Today, nonwithstanding Sanger’s views on abortion, respondent Planned Parenthood promotes both birth control and abortion as ‘reproductive health services’ that can be used for family planning. And with today’s prenatal screening tests and other technologies, abortion can easily be used to eliminate children with unwanted characteristics.

“Indiana’s Legislature, on the 100th anniversary of its 1907 sterilization law, adopted a concurrent resolution formally ‘express[ing] its regret over Indiana’s role in the eugenics movement in this country and the injustices done under eugenic laws.’ Recognizing that laws implementing eugenic goals ‘targeted the most vulnerable among us, including the poor and racial minorities, … for the claimed purpose of public health and the good of the people,’ the General Assembly ‘urge[d] the citizens of Indiana to become familiar with the history of the eugenics movement’ and ‘repudiate the many laws passed in the name of eugenics and reject any such laws in the future.’

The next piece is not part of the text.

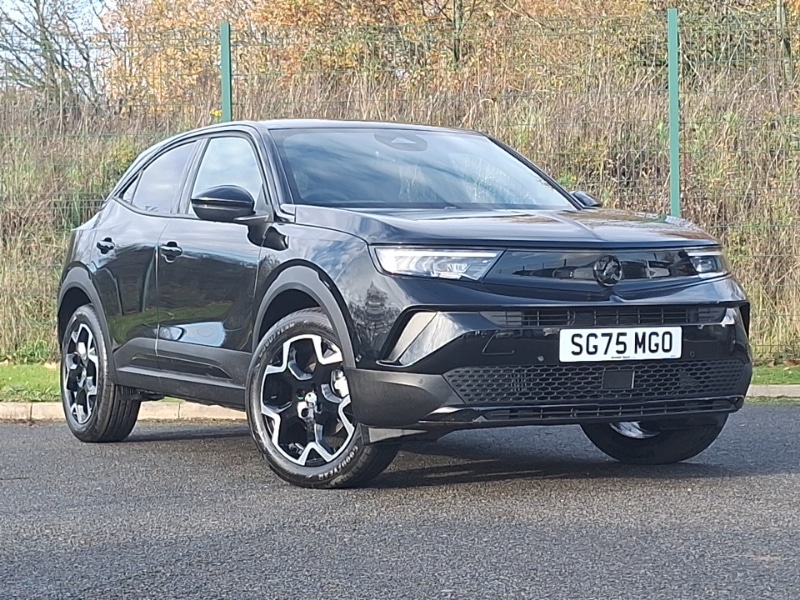 Used Vauxhall Mokka 2025 for sale - 76589379: Photo 1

“In March 2016, the Indiana Legislature passed by wide margins the Sex-Selective and Disability Abortion Ban at issue here. Respondent Planned Parenthood promptly filed a lawsuit to block the law from going into effect, arguing that the Constitution categorically protects a woman’s right to abort her child based solely on the child’s race, sex, or disability. The District Court agreed, granting a preliminary injunction on the eve of the law’s effective date, followed by a permanent injunction. A panel of the Seventh Circuit affirmed. …

“Enshrining a constitutional right to an abortion based solely on race, sex, or disability of an unborn child, as Planned Parenthood advocates, would constitutionalize the vies of the 20th-century eugenics movement. In other contexts, the [U.S. Supreme] Court has been zealous in vindicating the rights of people even potentially subjected to race, sex, and disability discrimination. … Although the Court declines to wade into these issues today, we cannot avoid them forever. Having created the constitutional right to an abortion, this Court is dutybound to address its scope. In that regard, it is easy to understand why the District Court and the Seventh Circuit looked to Casey to resolve a question it did not address. Where else could they turn? The Constitution itself is silent on abortion.”

I want to highlight something from a footnote from Justice Ginsburg in Box v. Planned Parenthood, because it’s something that will only look worse with time. In responding to Justice Thomas’s concurrence, Justice Ginsburg asserts that pregnant women who choose to abort their children are not mothers: “a woman who exercises her constitutionally protected right to terminate a pregnancy is not a ‘mother’”. While this might be causally accurate—in the sense that women whose children have died are no longer mothers—it’s neither intellectually nor scientifically coherent. Despite his rejection of her, Steve Jobs was the father of his daughter Lisa from the very first moment of her existence—and it’s no different for mothers, despite Justice Ginsburg’s tortured philosophy.